The Jakarta Post
Jakarta’s notorious traffic congestion was once again in the spotlight after President Joko “Jokowi” Widodo revealed that he was held up by gridlock in the capital on his way to attend the Bank Indonesia Annual Meeting on Thursday evening.
After he arrived at the event’s location in Ciputra Artpreneur, Jokowi told bankers in attendance that his presidential car ─ which always traveled alongside an entourage of his Presidential Security Detail ─ was stuck for around 30 minutes en route.
“There was a traffic jam, [my car] could not move for about half an hour,” Jokowi said as quoted by kompas.com, "This [traffic jam] is why the capital is being moved."

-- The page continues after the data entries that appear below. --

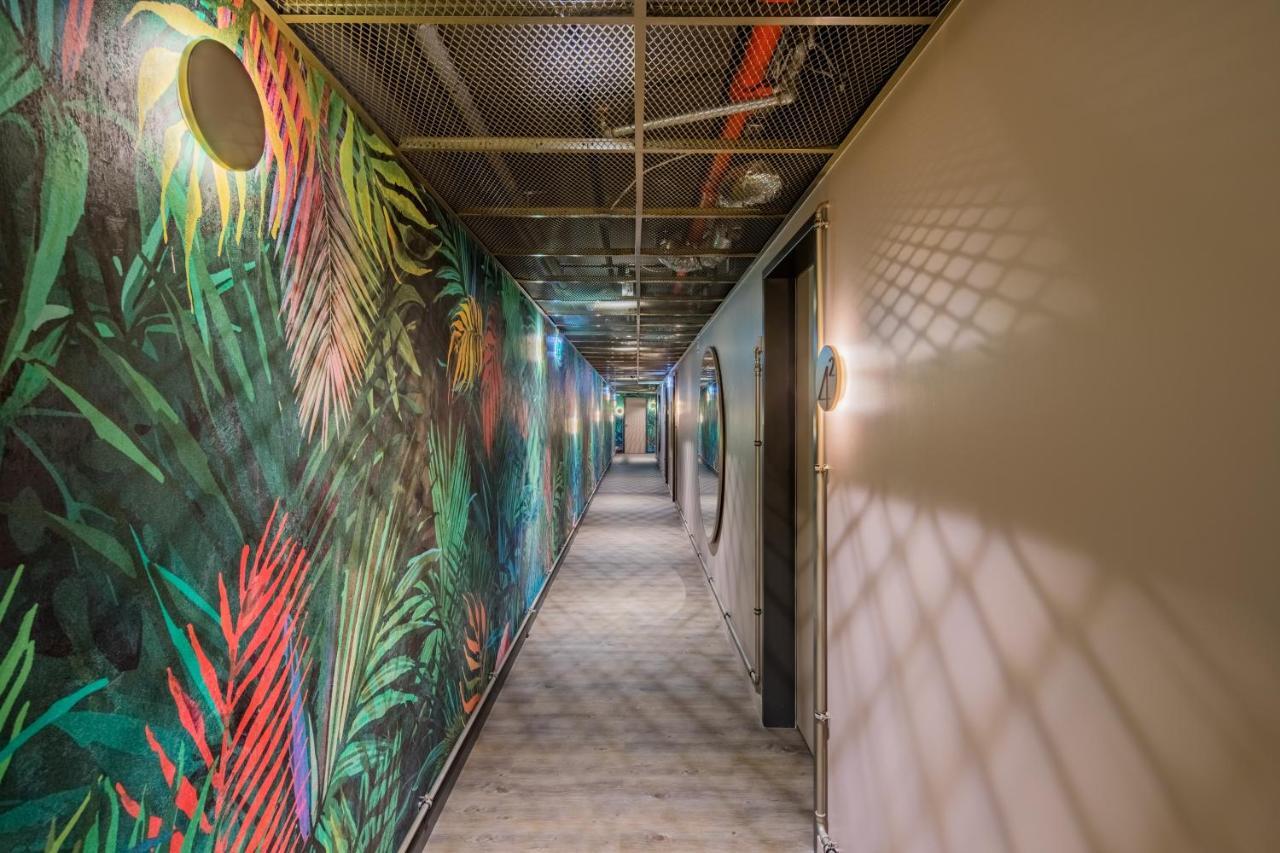 Cortile - Adults Only 4*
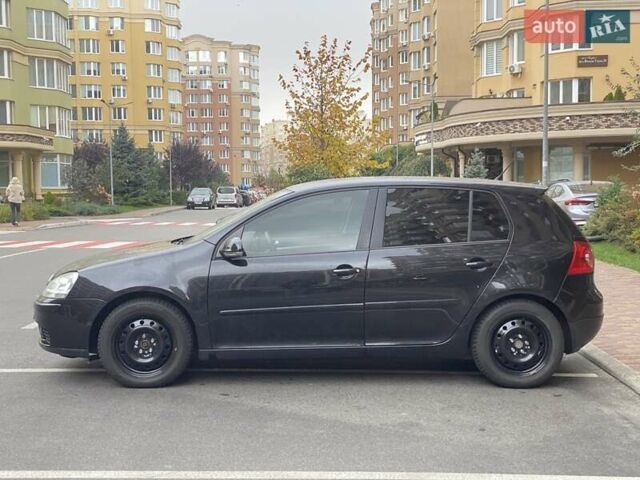 Черный Фольксваген Гольф, объемом двигателя 1.6 л и пробегом 262 тыс. км за 6100 $, фото 2 на Automoto.ua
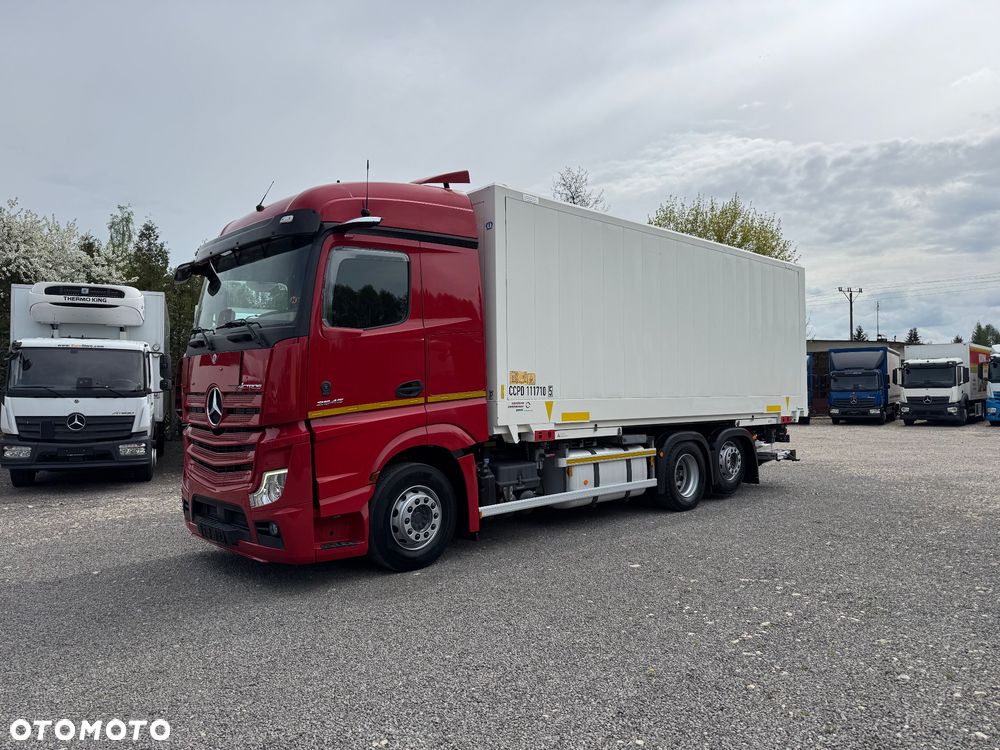 Mercedes-Benz Actros - 13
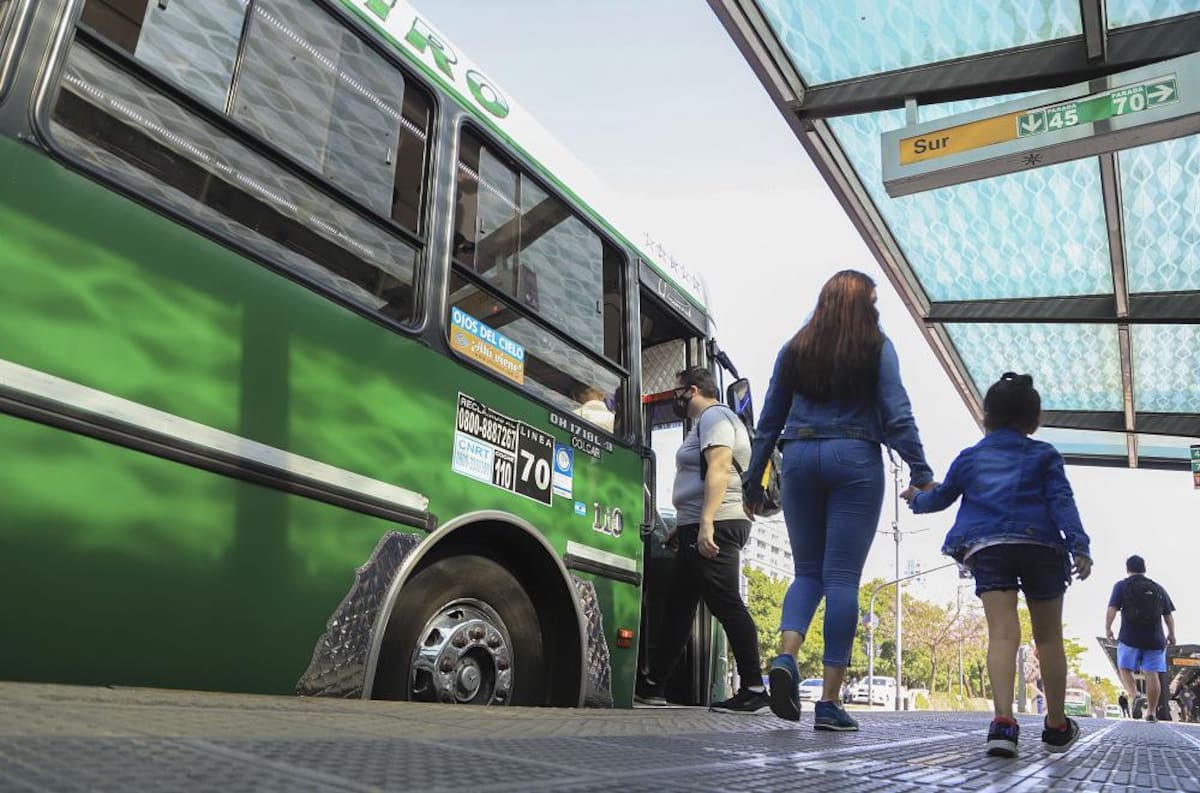 Colectivos, transporte público de pasajeros, Foto NA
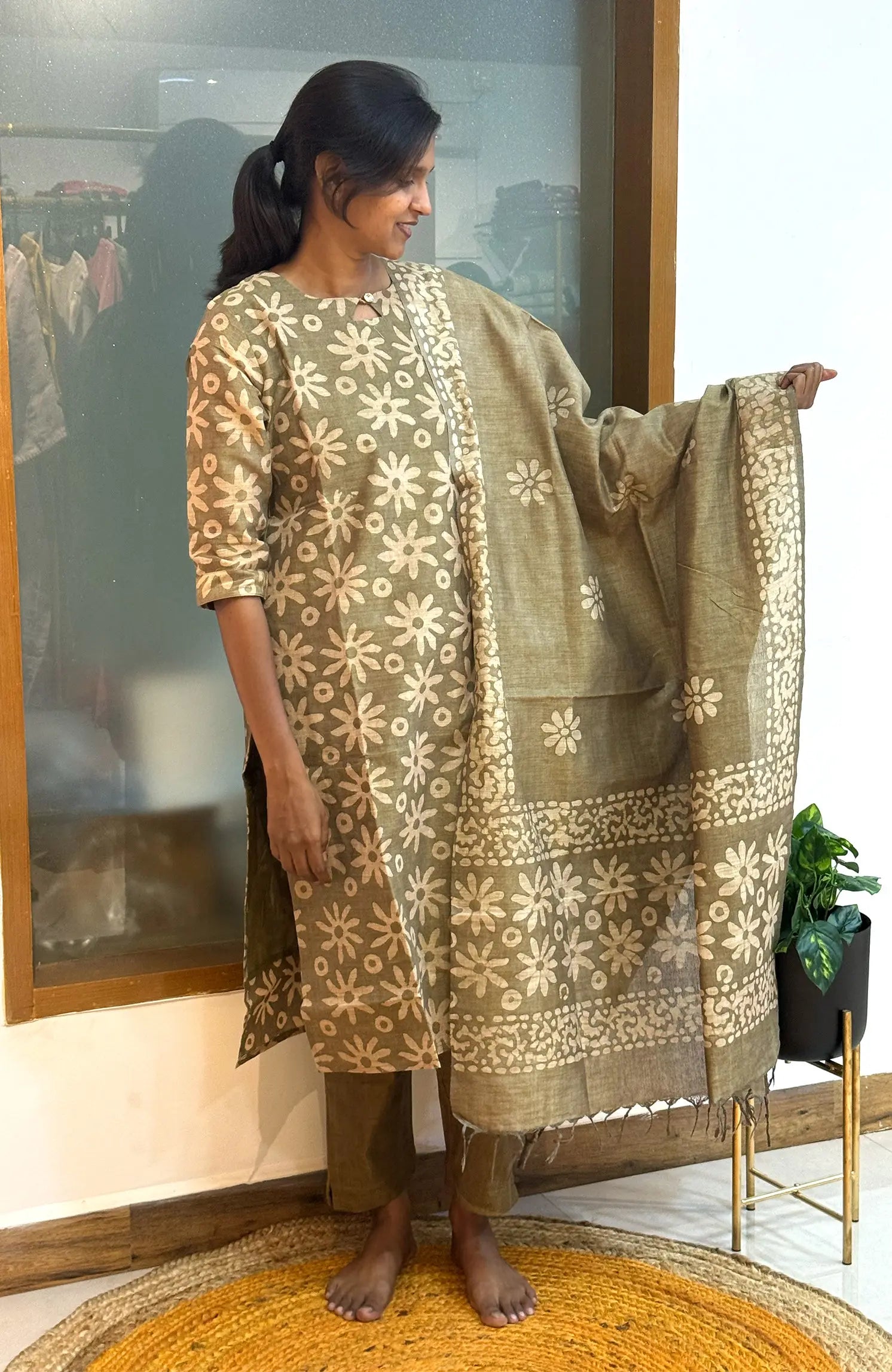 Pale green 557B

The moment the President’s convoy got stuck on Jl. Prof. Dr. Satrio in Kuningan, South Jakarta, went viral on social media on Thursday evening after a Twitter user captured a short video and uploaded it to the platform.
Posted by user @catuaries, the footage showed presidential motorcades and the presidential car with plate number vehicle RI 1 trapped in congestion.
Macetnya satrio lvl:— Book1.xlsm (@catuaries) November 28, 2019
RI 1 ikutan stuck pic.twitter.com/foMFoy1Lcw
Jl. Prof. Dr. Satrio is one of the busiest roads connecting business centers in Jakarta. A sidewalk construction project is currently ongoing in the area, adding more obstacles to motorists passing through the area.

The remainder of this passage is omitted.